A UNI is used in ATM and Frame Relay (FRL) networks to describe the interface between the ATM/FRL end-user and the network service provider ATM/FRL network access switch. The term UNI can also describe the interface between a private ATM switch and the public network service provider ATM network.
An NNI is created when two disparate networks require interconnection, such as two Frame Relay WANs from different service providers. This scenario is best used when clients are migrating from one service provider to another, they use different network service providers, or they need to use two or more network service providers.
The building of the Transcontinental railroad in 1870 serves as a good example of the first NNI and the way an NNI operates.
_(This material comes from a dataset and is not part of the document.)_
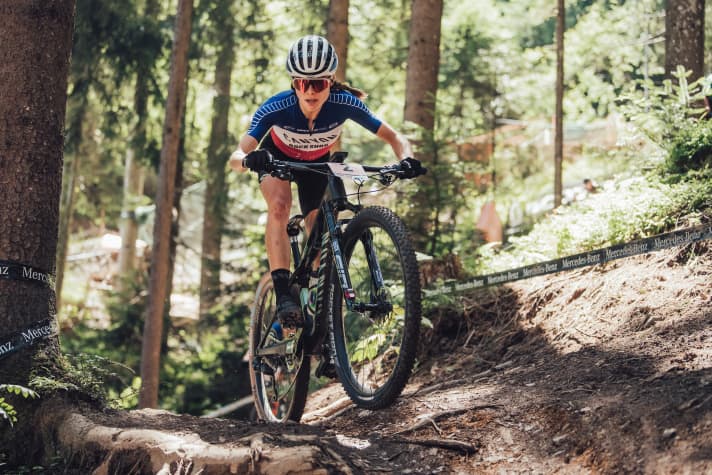   France's Loana Lecomte pulled away - initially with Sweden's Jenny Rissveds - to take the win.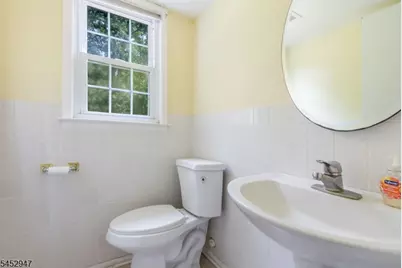 1008 Carteret Rd, Bridgewater, NJ 08807 - Photo 24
In 1870, the Denver and Río Grande Railway Company was chartered to build a railway from Denver, Colorado to El Paso, Texas. This line reached Pueblo by 1872, and the company built a branch west from there to coal mines at Cañón City. The choice was made early on to construct the railroad on a three-foot gauge not the four-foot, eight-inch gauge of its chief competitor, the Atchison, Topeka, and Santa Fe.
In 1881, the Río Grande Railway Company had extended its narrow-gauge tracks throughout the mountains of Colorado. The tracks crossed the Continental Divide in five places, over mountains and across gorges. On the track from Denver to Pueblo, the Río Grande Railway Company bowed to increasing use of standard gauge rolling stock. A third rail was added to accommodate both sizes of trains. If this third rail had not been added, another solution would have been possible.
These two railroads are independent networks requiring an interconnection to complete the Transcontinental Railroad. The additional solution would involve the Western and Eastern Railroad meeting at a point in the country where both the Eastern track and the Western track could find a common point of connection: a railroad station, as shown in Figure 8-3.
This railroad station would be constructed so that both the Eastern and Western Railroad tracks were connected to the station. The station, acting like an NNI, provided a means for which passengers and goods could be offloaded from the railcars of one railroad for example, Western and loaded onto the railcars of the other railroad for example, Eastern (see Figure 8-4).
When this passenger/goods transition was completed, the journeys of the two trains could continue across the other railroad network, as shown in Figure 8-5.
If you replace the train station with a router or switch and you consider this the customer premise, you'd achieve the concept of an NNI, as shown in Figure 8-6.
Figure 8-7 illustrates a customer-based NNI, with a LAN switch providing connectivity to two WAN routers: one router is connected to Network Service Provider #1's network, and the other router is connected to Network Service Provider #2's network.
A customer-based NNI can be accomplished with a single router, as illustrated in Figure 8-8. However, two WAN Interface Cards (WICs) or serial interfaces, each connecting to a separate channel service unit/data service unit (CSU/DSU) and subsequent local loop, are required.
Some NSPs can provide NNI service to other network service providers, as illustrated in Figure 8-9. This scenario is used when customers requires WAN connectivity to some locations where their primary providers cannot provide service.